Intracellular free iron ions are primarily regulated by transferrin receptor (TFR), ferroportin 1 (FPN1), and ferritin. Ferritin, composed of ferritin light chain (FTL) and ferritin heavy chain (FTH), can store up to 4,000 iron atoms and maintains intracellular iron homeostasis mainly through the autophagy pathway. In this process, NCOA4 acts as a selective cargo receptor for ferritin, mediating ferritinophagy through phase separation, which is a key mechanism for maintaining intracellular iron homeostasis. This study found that under low mechanical stress conditions, NCOA4 levels significantly decrease, and the co-localization of NCOA4 and FTH1 during phase separation is reduced, ultimately affecting ferritinophagy and its downstream iron metabolism pathways. This discovery further reveals the complex relationship between iron metabolism, autophagy, FTH1 phase separation, and ferroptosis, providing a new theoretical basis for the regulation of ferroptosis by mechanical signaling pathways. In nude mouse xenograft tumor models, the research team further investigated the synergistic effects of the mechanical stress and ferroptosis induction. The results showed that combining tumor stiffening agents (which enhance the mechanical strength of tumor tissue) with ferroptosis inducers or radiotherapy significantly inhibited tumor growth and reduced tumor weight. During the rapid proliferation phase of tumor tissue, the interior of solid tumors often exhibits a high mechanical stress microenvironment due to extracellular matrix remodeling and collagen fiber deposition. This phenomenon suggests that combining ferroptosis inducers with conventional radiotherapy may be an effective strategy for improving the treatment efficacy of solid tumors.

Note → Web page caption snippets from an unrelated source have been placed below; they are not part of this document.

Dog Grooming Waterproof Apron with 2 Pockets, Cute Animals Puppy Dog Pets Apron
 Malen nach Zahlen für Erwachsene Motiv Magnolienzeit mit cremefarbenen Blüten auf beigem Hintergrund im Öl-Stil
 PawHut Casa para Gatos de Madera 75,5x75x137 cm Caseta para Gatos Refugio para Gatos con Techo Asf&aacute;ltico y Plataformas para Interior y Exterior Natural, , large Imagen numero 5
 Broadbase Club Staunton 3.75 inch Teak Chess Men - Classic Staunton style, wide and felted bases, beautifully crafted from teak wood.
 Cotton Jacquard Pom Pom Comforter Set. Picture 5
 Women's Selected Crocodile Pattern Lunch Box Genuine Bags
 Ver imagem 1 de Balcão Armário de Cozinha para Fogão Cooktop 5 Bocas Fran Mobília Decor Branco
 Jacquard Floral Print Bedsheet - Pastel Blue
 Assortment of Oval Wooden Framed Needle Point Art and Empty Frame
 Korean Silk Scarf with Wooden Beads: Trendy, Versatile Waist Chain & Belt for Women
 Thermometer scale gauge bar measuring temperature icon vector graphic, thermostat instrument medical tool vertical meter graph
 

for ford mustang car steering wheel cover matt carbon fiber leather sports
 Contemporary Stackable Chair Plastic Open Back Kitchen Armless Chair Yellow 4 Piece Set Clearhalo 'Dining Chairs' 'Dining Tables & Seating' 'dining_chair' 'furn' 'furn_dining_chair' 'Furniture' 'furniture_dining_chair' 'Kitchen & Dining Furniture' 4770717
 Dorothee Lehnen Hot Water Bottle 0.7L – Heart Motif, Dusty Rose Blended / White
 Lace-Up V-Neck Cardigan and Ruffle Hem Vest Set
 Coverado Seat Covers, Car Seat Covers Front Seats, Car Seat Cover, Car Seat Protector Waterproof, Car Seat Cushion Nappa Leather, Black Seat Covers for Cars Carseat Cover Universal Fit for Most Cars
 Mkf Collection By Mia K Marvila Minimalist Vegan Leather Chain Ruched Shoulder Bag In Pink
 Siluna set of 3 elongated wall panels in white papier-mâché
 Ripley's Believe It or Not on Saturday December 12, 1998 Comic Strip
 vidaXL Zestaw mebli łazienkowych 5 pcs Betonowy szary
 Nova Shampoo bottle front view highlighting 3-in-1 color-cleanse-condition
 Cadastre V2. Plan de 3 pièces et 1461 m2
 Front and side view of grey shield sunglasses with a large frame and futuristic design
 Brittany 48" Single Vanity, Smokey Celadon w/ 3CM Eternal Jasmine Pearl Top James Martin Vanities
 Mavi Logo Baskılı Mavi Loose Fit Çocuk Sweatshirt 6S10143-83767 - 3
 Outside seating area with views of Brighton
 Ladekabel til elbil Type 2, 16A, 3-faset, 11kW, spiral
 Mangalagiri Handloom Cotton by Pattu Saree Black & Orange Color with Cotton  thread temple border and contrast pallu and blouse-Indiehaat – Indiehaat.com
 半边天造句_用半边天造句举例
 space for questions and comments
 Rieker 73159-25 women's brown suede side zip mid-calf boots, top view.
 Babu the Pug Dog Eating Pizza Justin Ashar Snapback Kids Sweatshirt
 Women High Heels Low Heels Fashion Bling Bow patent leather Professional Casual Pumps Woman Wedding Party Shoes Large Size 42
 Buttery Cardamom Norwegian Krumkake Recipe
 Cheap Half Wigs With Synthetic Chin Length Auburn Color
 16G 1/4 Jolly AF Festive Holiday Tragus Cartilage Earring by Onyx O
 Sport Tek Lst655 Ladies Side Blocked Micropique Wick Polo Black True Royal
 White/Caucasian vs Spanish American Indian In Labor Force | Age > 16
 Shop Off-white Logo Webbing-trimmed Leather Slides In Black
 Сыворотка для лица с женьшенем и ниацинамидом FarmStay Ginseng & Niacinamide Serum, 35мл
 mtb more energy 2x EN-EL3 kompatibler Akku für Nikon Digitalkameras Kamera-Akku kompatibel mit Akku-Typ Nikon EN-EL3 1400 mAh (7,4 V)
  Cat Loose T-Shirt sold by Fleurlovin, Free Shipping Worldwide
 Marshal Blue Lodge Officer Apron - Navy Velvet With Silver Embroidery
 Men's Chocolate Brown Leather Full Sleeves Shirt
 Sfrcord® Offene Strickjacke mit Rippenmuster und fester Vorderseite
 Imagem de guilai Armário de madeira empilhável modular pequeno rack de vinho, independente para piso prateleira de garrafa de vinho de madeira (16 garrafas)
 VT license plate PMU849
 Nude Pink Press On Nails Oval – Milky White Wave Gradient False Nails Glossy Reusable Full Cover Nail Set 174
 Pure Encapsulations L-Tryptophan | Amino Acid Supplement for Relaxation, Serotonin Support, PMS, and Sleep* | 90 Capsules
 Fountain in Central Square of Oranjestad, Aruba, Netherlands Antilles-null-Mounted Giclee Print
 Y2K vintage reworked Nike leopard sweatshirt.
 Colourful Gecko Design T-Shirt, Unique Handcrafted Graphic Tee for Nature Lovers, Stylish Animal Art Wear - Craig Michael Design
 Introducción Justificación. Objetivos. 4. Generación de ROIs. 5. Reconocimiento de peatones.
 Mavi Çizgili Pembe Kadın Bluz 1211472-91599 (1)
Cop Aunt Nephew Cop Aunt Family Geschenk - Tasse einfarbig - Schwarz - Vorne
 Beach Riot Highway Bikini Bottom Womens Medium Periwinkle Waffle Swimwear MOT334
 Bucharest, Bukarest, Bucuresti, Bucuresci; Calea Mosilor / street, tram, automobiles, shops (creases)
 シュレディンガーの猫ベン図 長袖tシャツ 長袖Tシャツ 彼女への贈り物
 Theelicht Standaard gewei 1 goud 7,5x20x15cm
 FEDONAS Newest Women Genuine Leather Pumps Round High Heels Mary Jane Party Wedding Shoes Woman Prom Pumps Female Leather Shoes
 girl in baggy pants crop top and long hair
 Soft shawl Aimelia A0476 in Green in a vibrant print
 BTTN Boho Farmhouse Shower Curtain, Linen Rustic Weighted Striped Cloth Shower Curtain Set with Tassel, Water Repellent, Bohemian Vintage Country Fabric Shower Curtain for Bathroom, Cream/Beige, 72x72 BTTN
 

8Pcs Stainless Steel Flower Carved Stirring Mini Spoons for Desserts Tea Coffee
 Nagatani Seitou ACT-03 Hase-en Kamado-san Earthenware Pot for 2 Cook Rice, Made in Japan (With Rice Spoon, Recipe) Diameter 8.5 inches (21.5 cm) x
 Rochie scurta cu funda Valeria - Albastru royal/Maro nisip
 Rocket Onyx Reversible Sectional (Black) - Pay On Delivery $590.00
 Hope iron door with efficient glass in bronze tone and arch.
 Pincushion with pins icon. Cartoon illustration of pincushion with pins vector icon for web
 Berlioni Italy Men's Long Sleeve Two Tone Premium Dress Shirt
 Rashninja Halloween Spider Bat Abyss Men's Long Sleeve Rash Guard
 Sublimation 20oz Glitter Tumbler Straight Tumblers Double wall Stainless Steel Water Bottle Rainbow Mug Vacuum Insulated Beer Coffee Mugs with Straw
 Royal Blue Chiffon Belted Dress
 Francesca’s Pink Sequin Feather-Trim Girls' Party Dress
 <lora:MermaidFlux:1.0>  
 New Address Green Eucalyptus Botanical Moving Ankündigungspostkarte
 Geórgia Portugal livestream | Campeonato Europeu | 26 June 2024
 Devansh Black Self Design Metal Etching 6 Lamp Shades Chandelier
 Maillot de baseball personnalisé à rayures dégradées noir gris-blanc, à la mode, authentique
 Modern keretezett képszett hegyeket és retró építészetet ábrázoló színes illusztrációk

In summary, this study systematically reveals the critical role of the mechanical stress in regulating ferroptosis and indicates that NCOA4-mediated FTH1 ferritinophagy may be a core mechanism regulating ferroptosis sensitivity, offering new intervention insights and potential therapeutic strategies for radiotherapy.
The first authors of this study include Chenyu Luo (Class of 2020 master's student), Haisheng Liang(Class of 2022 master's student), postdoctoral researcher Mintao Ji, and Associate Researcher Caiyong Ye from the School of Radiation Medicine and Protection at Soochow University. Professor Lei Chang and Professor Zengli Zhang are the corresponding authors of this study. This work was supported by the National Natural Science Foundation of China, the Jiangsu Provincial Outstanding Youth Foundation, the State Key Laboratory of Radiation Medicine and Radiation Protection at Soochow University, the Jiangsu Provincial Excellent Postdoctoral Program, and the Jiangsu Provincial Natural Science Foundation.